───── Material provided ─────

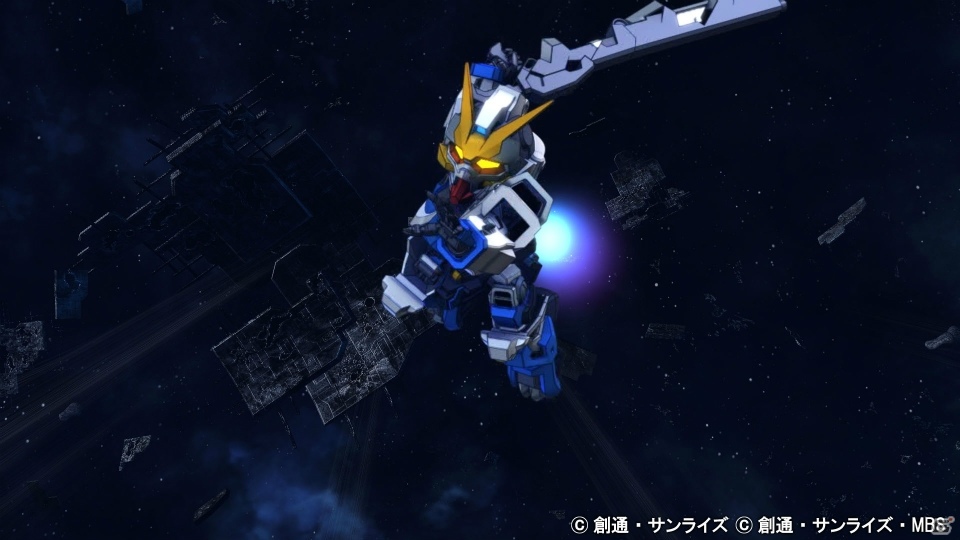 「SDガンダム ジージェネレーション クロスレイズ」ユニット＆キャラクターの育成システムを紹介！の画像312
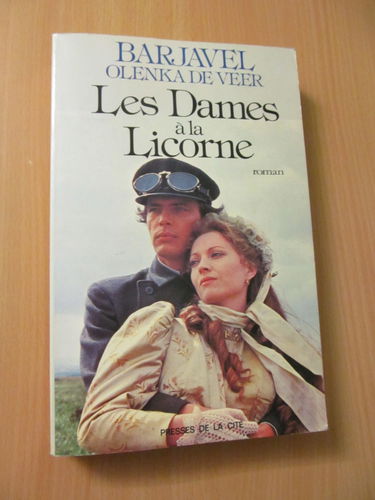 Les dames a la licorne / roman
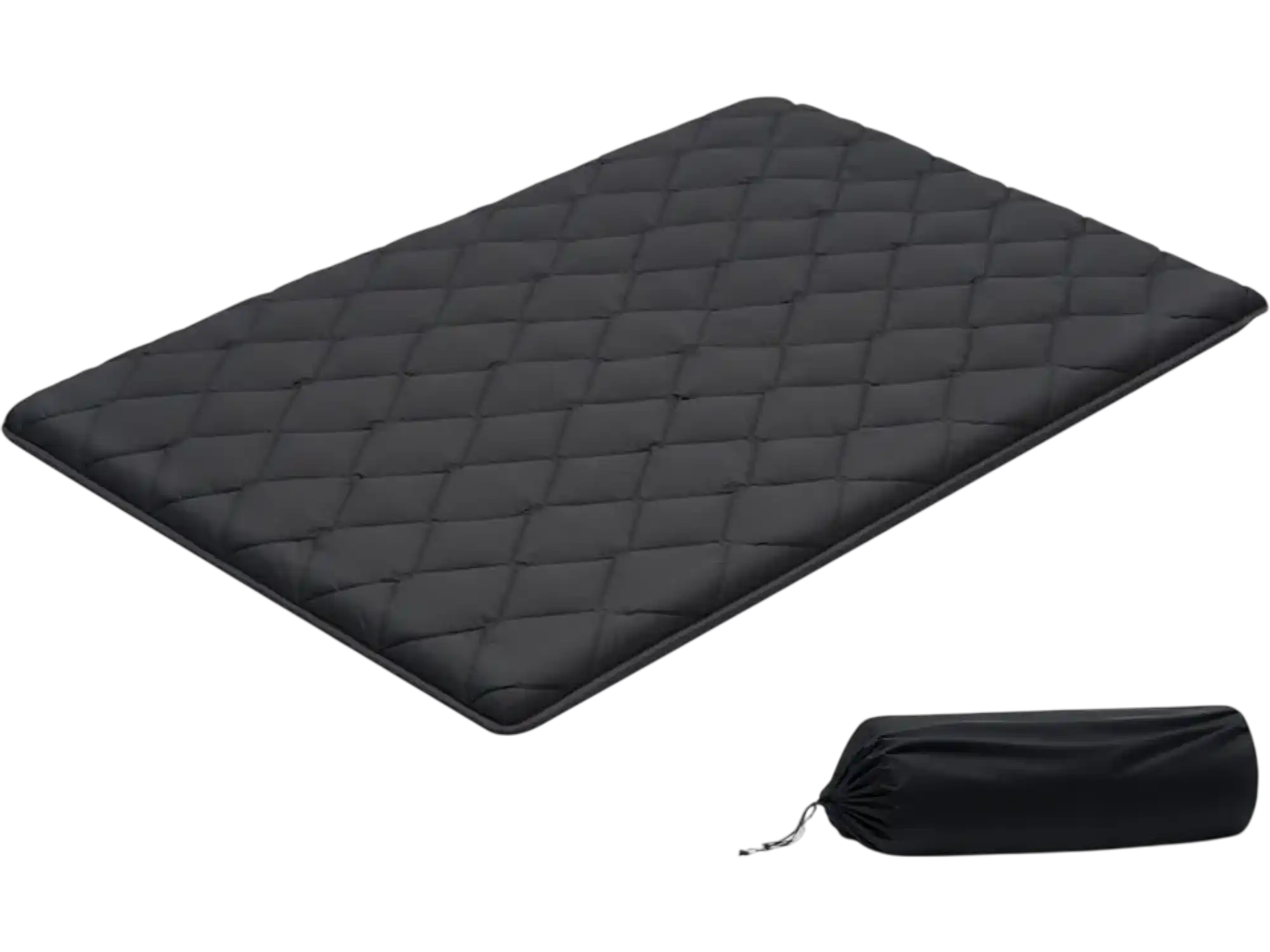 Vevor Mattress Full Size Foldable Japanese Tatami Futon Floor Mat 80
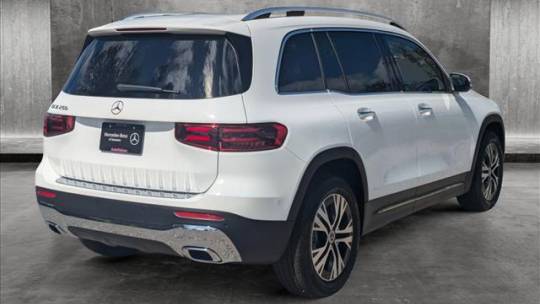 2025 Mercedes-Benz GLB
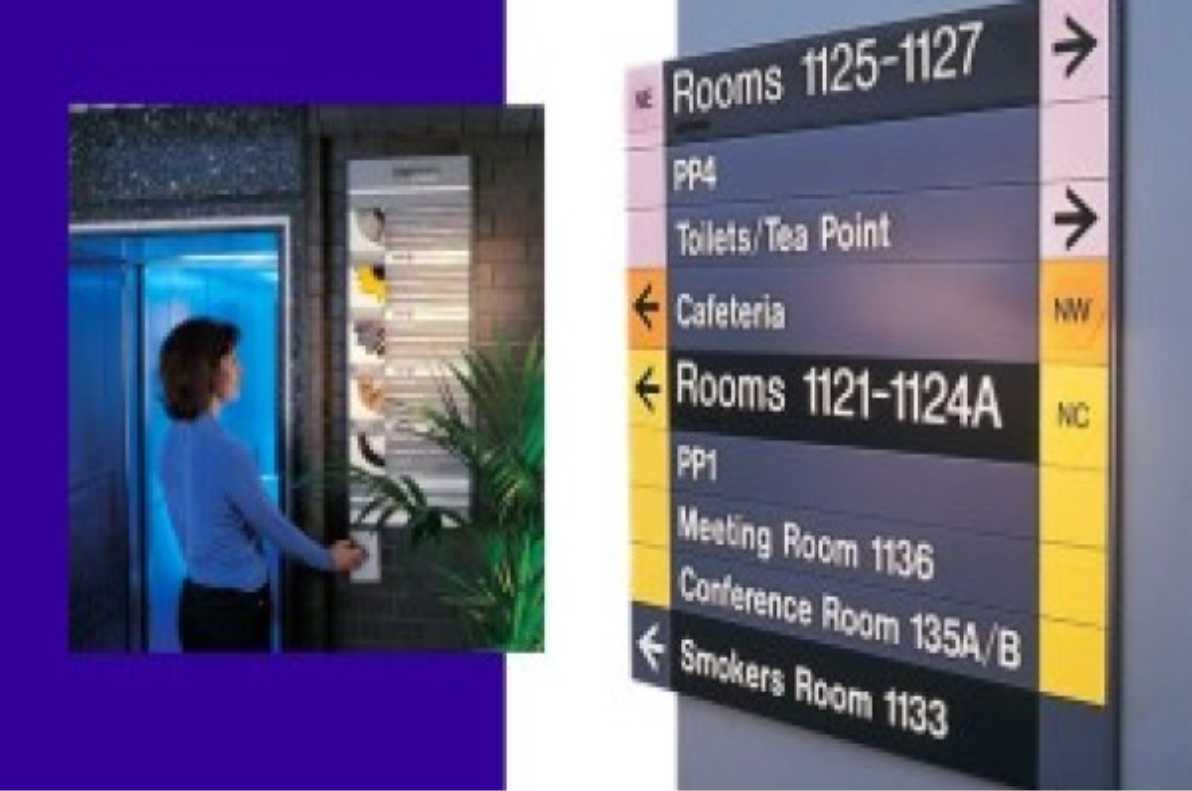 building directory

─────

*The task*
From the line holding "Vevor Mattress Full" down to the final line of the entries above, print every line exactly. Pictures do not go in.

*Solution to this task*
 Vevor Mattress Full Size Foldable Japanese Tatami Futon Floor Mat 80
 2025 Mercedes-Benz GLB
 building directory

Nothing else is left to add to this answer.